● Task objective: Leave out the pictures, and reproduce exactly the lines from the line containing "Niña rubia con" through the final line of the entries.

● Records for the task:
+-------+

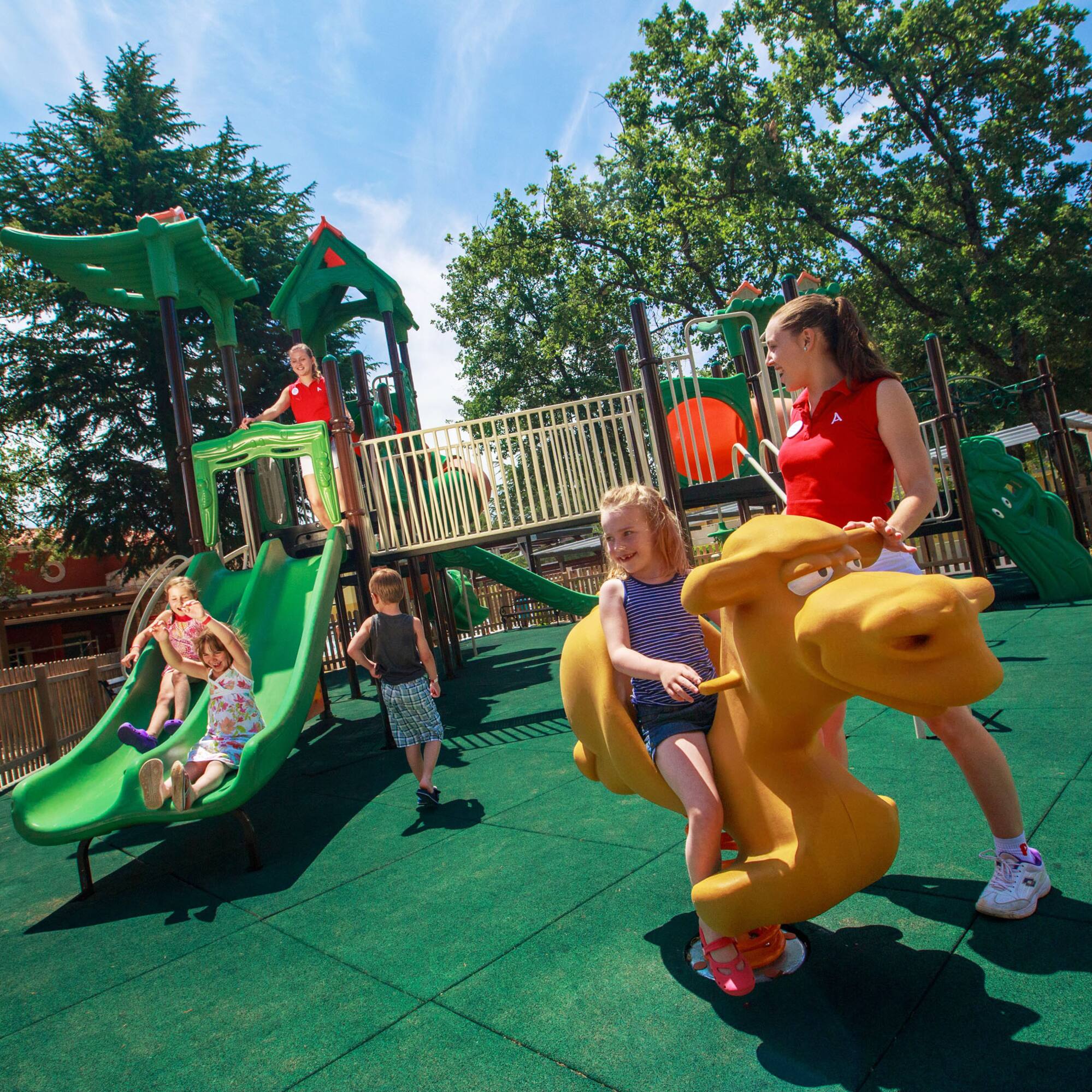 a woman and kids at a playground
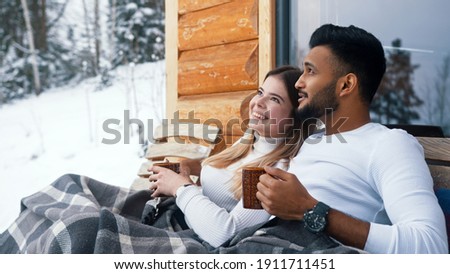  Winter holidays. Multiracial young couple sitting on the bench and kissing outdoors. Drinking hot beverage. High quality photo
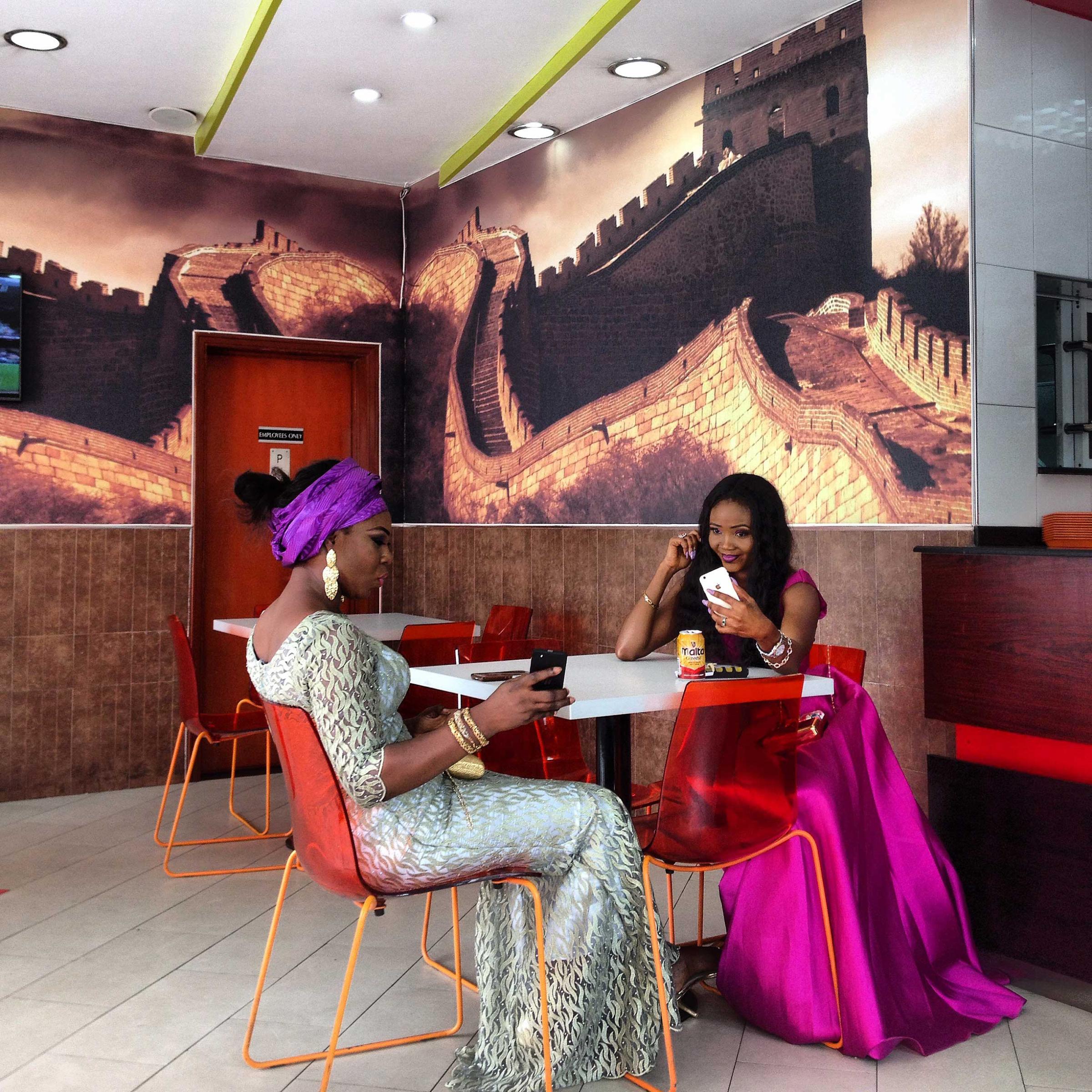 Two women and their cell phones in Lagos, Nigeria. @andrewesiebo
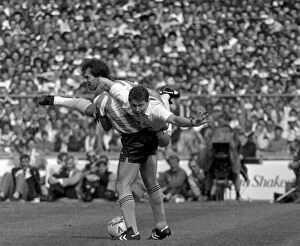 Images Dated 16th May 1987: FA Cup Final: Trevor Peake of Coventry City Carries Off Clive Allen of Tottenham Hotspur at Wembley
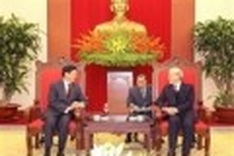 Party chief receives Lao and Chinese envoys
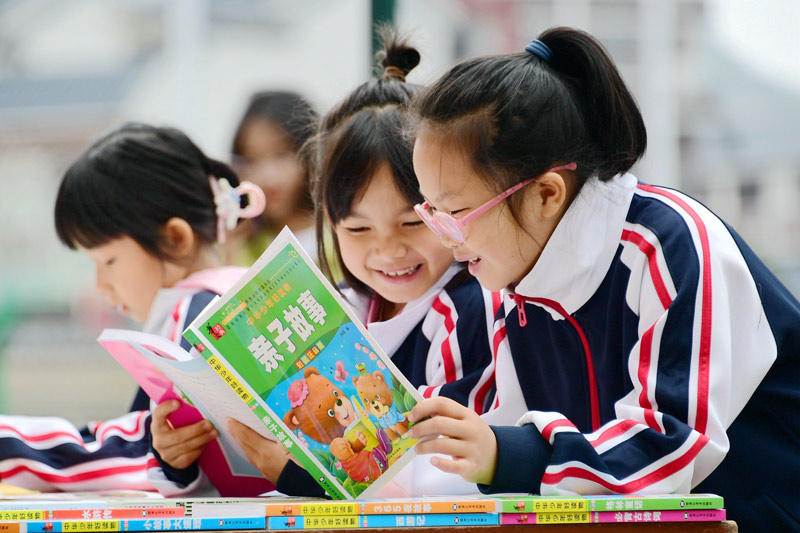 小學生在流動圖書車前閱讀圖書。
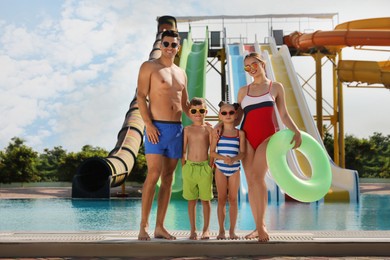 Photo of Happy family with inflatable ring near pool in water park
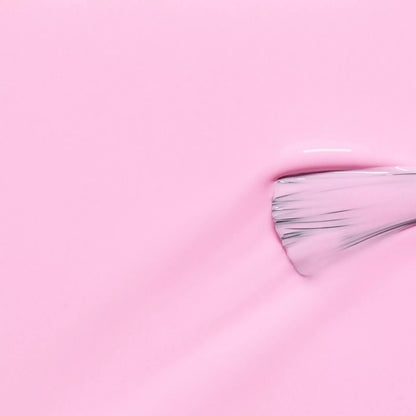 Polish brush dipped in Manucurist Candy nail polish – creamy, non-toxic pastel pink formula for smooth, even application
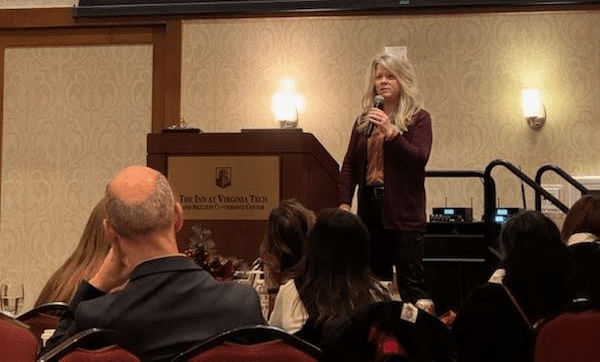 Tracy Smith is holding a microphone and speaking to a group of people in a large conference room.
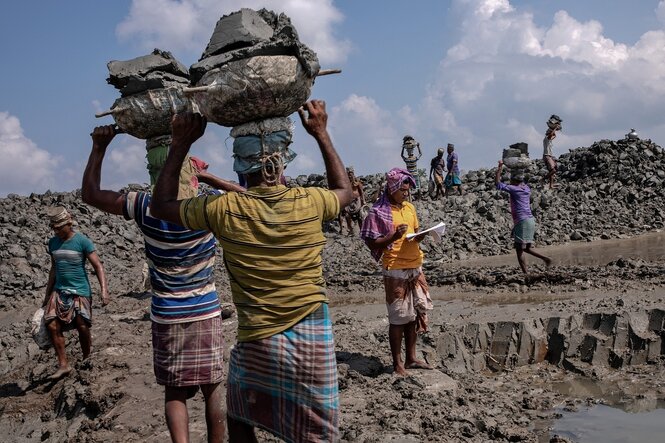 Männer schleppen Sandsäcke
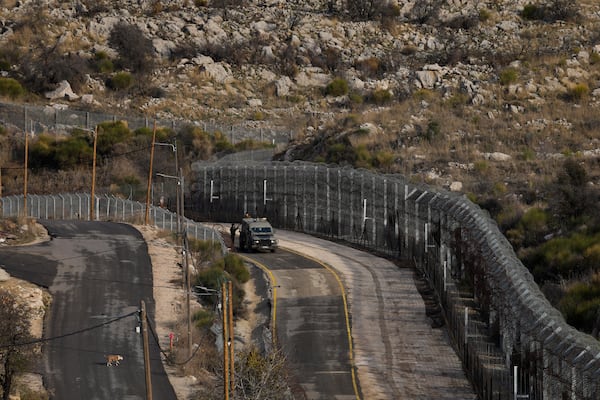 Israeli soldiers stand next to an armoured vehicle before crossing the security fence, moving towards the so-called Alpha Line that separates the Israeli-controlled Golan Heights from Syria, in the town of Majdal Shams, Friday, Dec. 20, 2024. (AP Photo/Matias Delacroix)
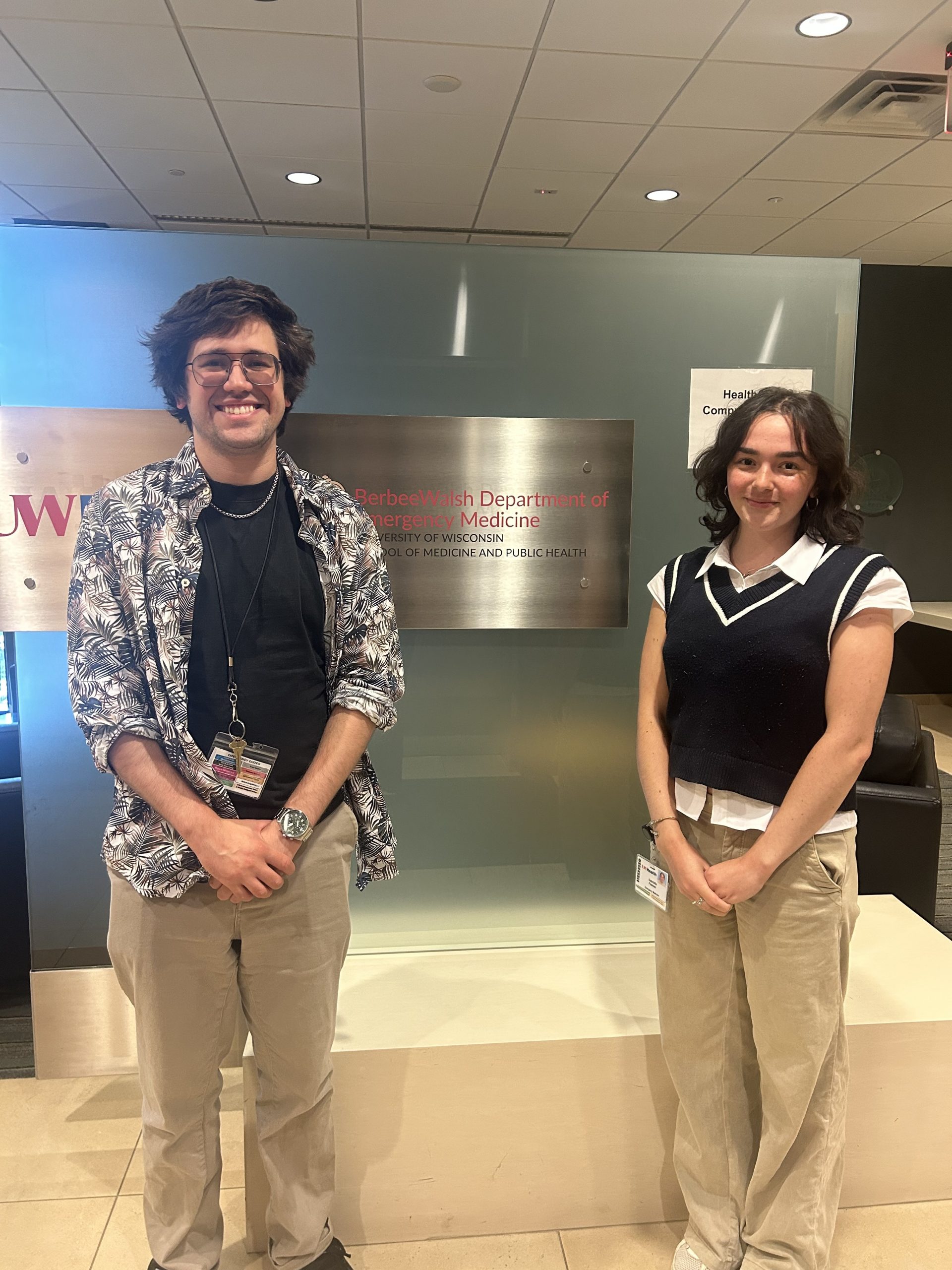 Student and mentor stand beside sign.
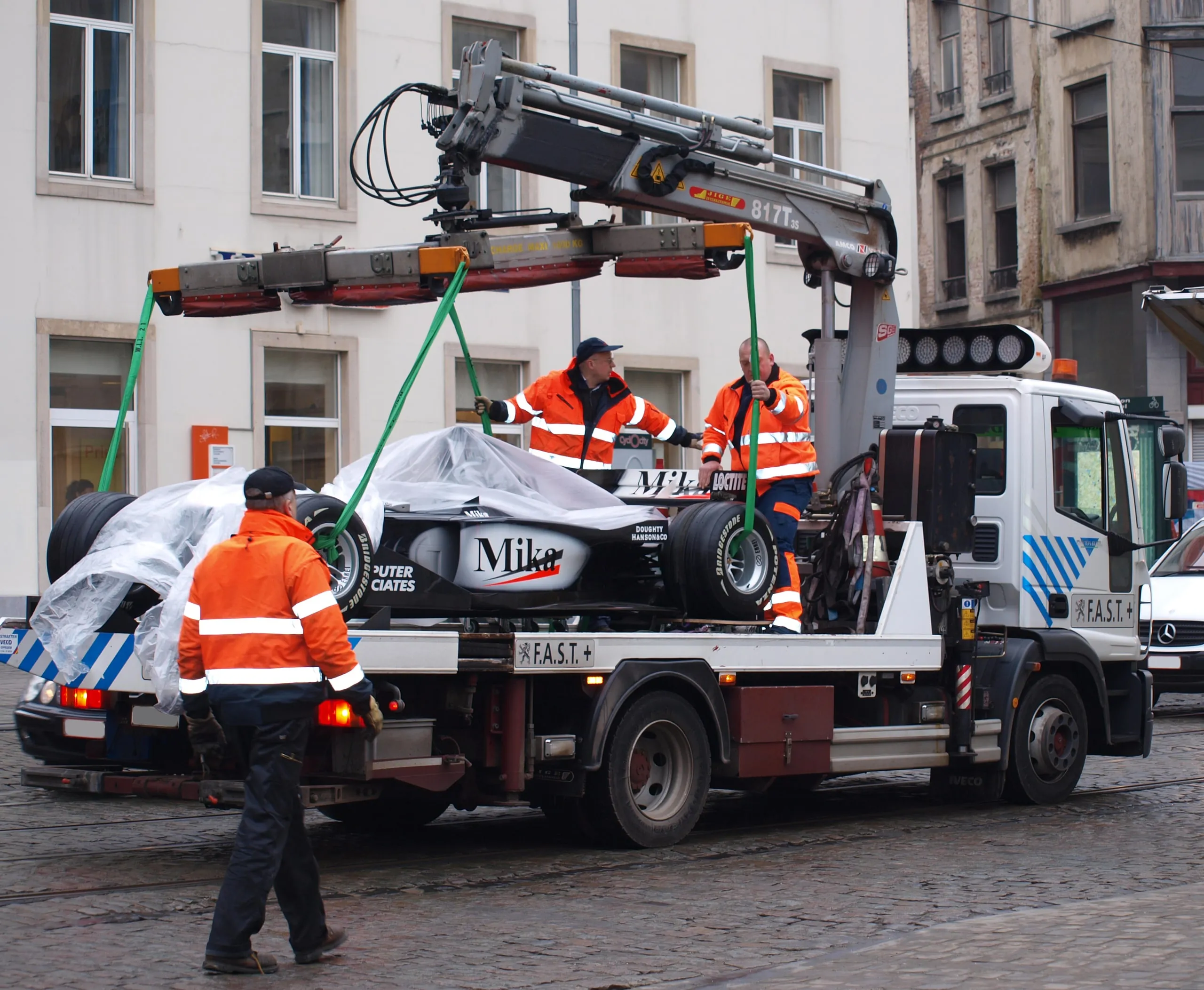 Formule 1-wagen door een kraanwagen opgetild in een Brusselse straat, de ploeg begeleidt hem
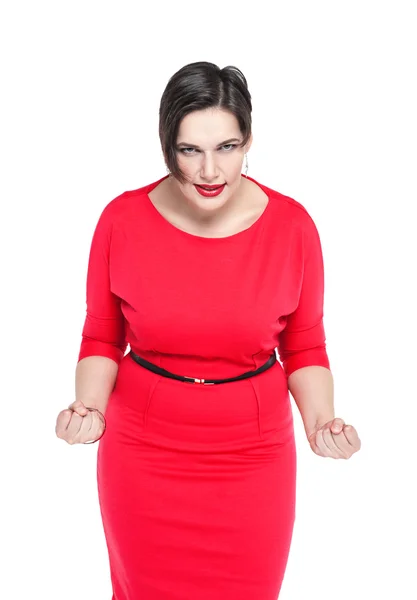 Angry beautiful plus size woman in red dress isolated — Stock Photo, Image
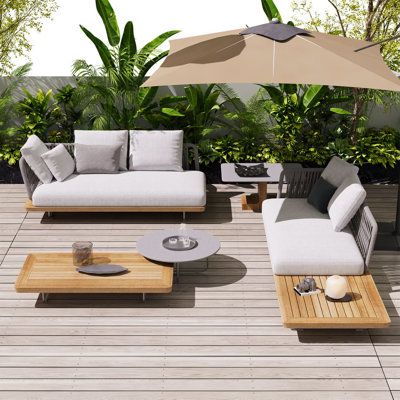 Whether you're relaxing outdoors or getting ready for a summer barbecue and neighborhood party, this three-piece seating set will keep you entertained. Made of quality materials such as teak and rattan, it features two love seats and a coffee table, all of which are weather-resistant and perfect for your outdoor area. Its sleek and modern design makes it a great addition to any outdoor area. | Latitude Run® Naphtali - Person Outdoor Seating Group blue / gray / whiteWood in Brown | 4 | Wayfair Deck Furniture Layout, Small Patio Design, Neighborhood Party, Terrace Furniture, Outdoor Patio Designs, Patio Sofa Set, Outdoor Furniture Sofa, Backyard Furniture, Outdoor Furniture Design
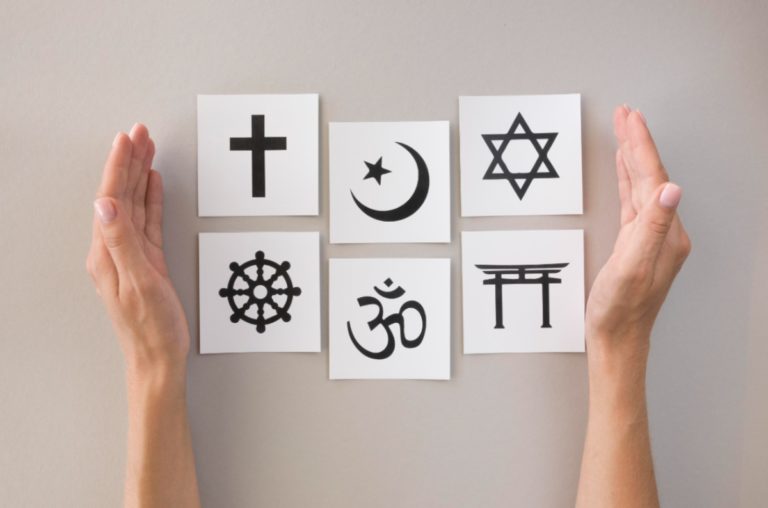 Des cartes représentant les symboles de 6 religions sont placées sur une table.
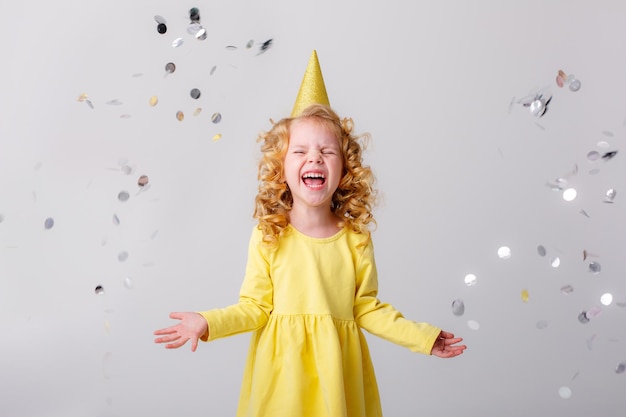 Niña rubia con un vestido amarillo atrapa confeti sonriendo feliz con fondo blanco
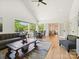 Open-concept living room with a vaulted ceiling, hardwood floors, and plenty of natural light at 1009 Belmont Ave, Charlotte, NC 28205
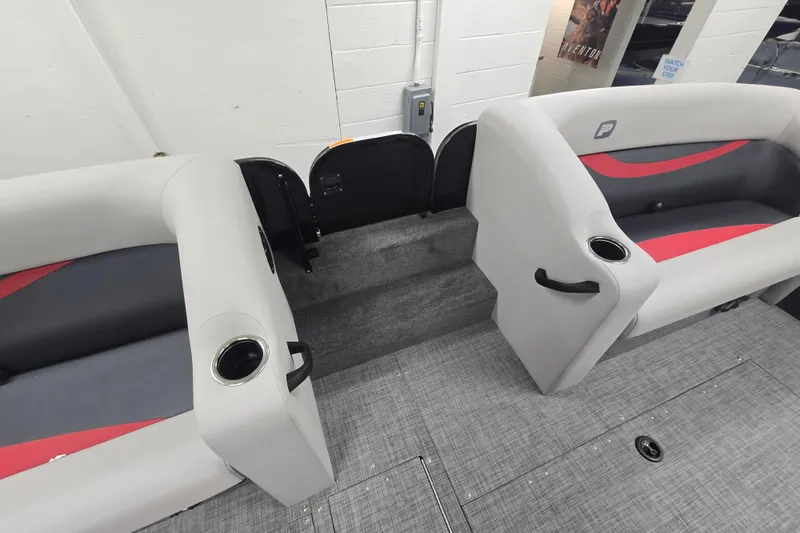 Slide: The Image of 2026 Princecraft Ventura 224 boat interior with gray and red seating, cup holders, and carpeted flooring. - 7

+-------+

● Answer box:
 Niña rubia con un vestido amarillo atrapa confeti sonriendo feliz con fondo blanco
 Open-concept living room with a vaulted ceiling, hardwood floors, and plenty of natural light at 1009 Belmont Ave, Charlotte, NC 28205
 Slide: The Image of 2026 Princecraft Ventura 224 boat interior with gray and red seating, cup holders, and carpeted flooring. - 7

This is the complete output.